Keep to one stretch of the data below, the lines from the one with "Now let's talk" up to and including the one with "At the top of", and return that stretch exactly.

> **RECORDS**
______________________________

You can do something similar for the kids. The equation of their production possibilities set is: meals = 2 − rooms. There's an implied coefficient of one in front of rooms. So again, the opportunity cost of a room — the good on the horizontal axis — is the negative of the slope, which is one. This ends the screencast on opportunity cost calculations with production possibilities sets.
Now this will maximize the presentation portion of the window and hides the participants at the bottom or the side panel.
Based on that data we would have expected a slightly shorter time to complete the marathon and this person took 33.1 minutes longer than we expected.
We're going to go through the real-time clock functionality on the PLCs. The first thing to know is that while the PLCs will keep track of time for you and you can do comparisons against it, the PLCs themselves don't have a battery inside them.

______________________________

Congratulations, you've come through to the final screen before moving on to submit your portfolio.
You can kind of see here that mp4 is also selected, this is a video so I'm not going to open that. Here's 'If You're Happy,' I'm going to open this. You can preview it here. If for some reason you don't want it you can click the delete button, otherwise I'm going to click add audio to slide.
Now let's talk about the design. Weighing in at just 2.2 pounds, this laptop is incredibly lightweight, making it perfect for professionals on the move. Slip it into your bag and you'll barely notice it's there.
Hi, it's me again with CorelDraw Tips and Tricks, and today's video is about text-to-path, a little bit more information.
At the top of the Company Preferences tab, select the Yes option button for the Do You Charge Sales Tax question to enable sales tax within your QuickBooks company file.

______________________________

> **SOLUTION TO THE EXERCISE**
Now let's talk about the design. Weighing in at just 2.2 pounds, this laptop is incredibly lightweight, making it perfect for professionals on the move. Slip it into your bag and you'll barely notice it's there.
Hi, it's me again with CorelDraw Tips and Tricks, and today's video is about text-to-path, a little bit more information.
At the top of the Company Preferences tab, select the Yes option button for the Do You Charge Sales Tax question to enable sales tax within your QuickBooks company file.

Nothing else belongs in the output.